WHAT YOU SHOULD DO –
Omit every picture while repeating the entries exactly.

▬▬▬▬▬▬▬▬▬▬

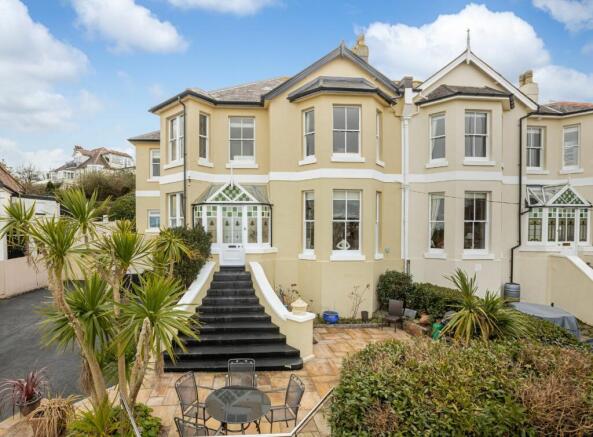 4 bed property, in Lincombes, £675,000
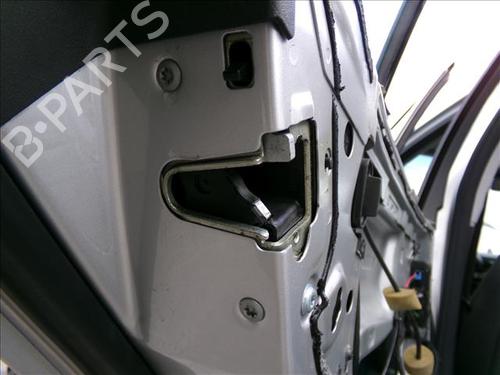 Used Rear left lock MERCEDES-BENZ C-CLASS (W203) C 200 Kompressor (203.045) (163 hp) 26283503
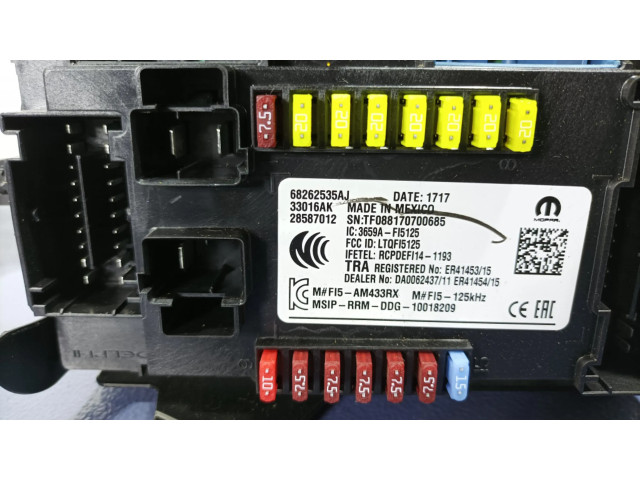 Блок предохранителей  68262535AJ   Jeep Compass    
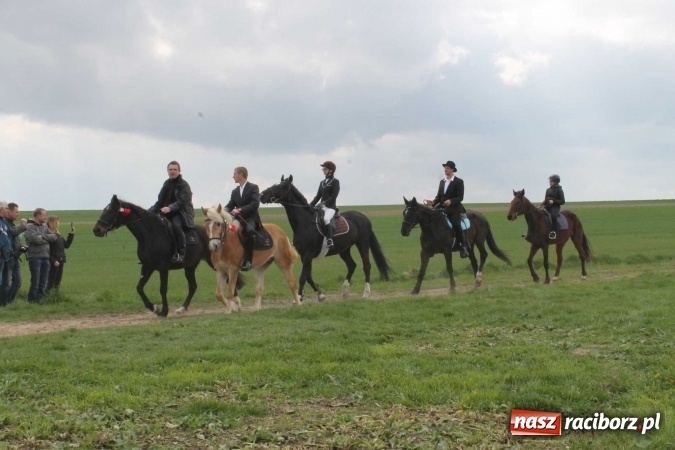 Zdjęcie w galerii na portalu naszraciborz.pl: Biskup, senator, starosta i wójt, czyli bieńkowicka procesja konna  wiadomości z regionu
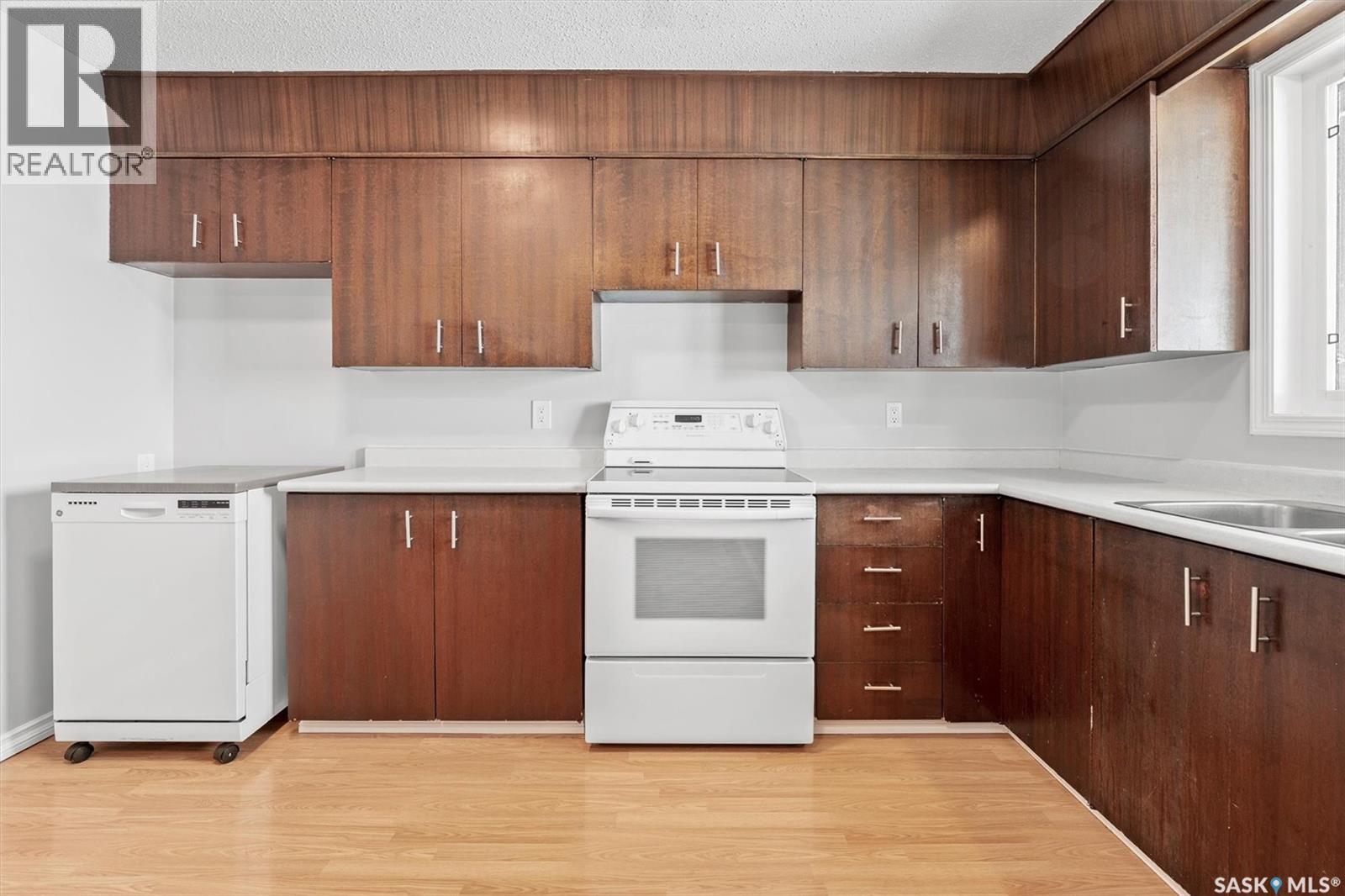 Photo 11 of 514 Mckercher Drive, Saskatoon SK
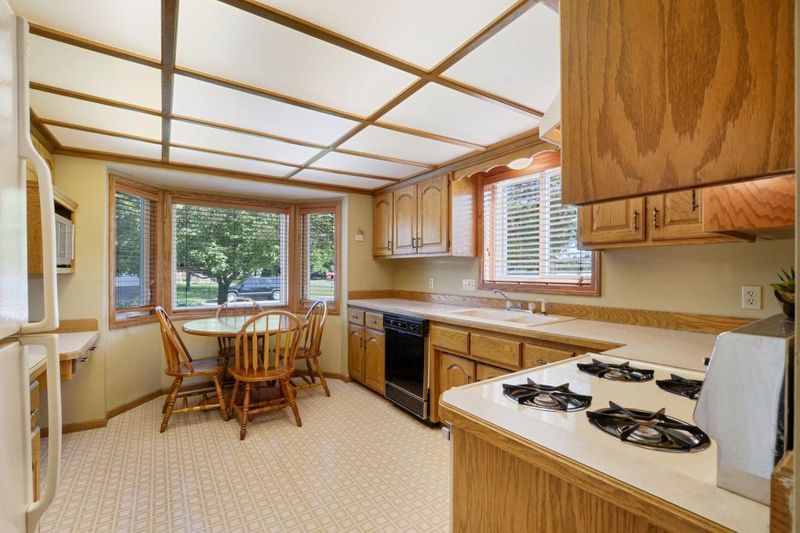 10907 Xylon Ln N, Champlin, MN 55316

▬▬▬▬▬▬▬▬▬▬

RESPONSE AREA –
 4 bed property, in Lincombes, £675,000
 Used Rear left lock MERCEDES-BENZ C-CLASS (W203) C 200 Kompressor (203.045) (163 hp) 26283503
 Блок предохранителей  68262535AJ   Jeep Compass    
 Zdjęcie w galerii na portalu naszraciborz.pl: Biskup, senator, starosta i wójt, czyli bieńkowicka procesja konna  wiadomości z regionu
 Photo 11 of 514 Mckercher Drive, Saskatoon SK
 10907 Xylon Ln N, Champlin, MN 55316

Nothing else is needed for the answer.